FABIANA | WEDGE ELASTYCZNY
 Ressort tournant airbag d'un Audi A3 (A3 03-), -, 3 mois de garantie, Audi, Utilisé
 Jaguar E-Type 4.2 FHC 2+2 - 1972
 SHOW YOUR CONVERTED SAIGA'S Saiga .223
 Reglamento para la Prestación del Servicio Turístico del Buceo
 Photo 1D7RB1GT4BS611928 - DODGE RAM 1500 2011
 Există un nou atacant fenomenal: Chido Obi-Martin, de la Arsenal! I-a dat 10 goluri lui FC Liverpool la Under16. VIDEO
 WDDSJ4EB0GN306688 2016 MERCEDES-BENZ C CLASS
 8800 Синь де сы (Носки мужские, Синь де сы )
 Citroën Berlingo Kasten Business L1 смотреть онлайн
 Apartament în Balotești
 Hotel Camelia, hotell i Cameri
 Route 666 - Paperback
########################################
• [Work to be completed] Would you please repeat the lines from the one with "Hotel Camelia, hotell i Cameri" through the last line of the listing above, exactly and with nothing else?

• [Completed task]
 Hotel Camelia, hotell i Cameri
 Route 666 - Paperback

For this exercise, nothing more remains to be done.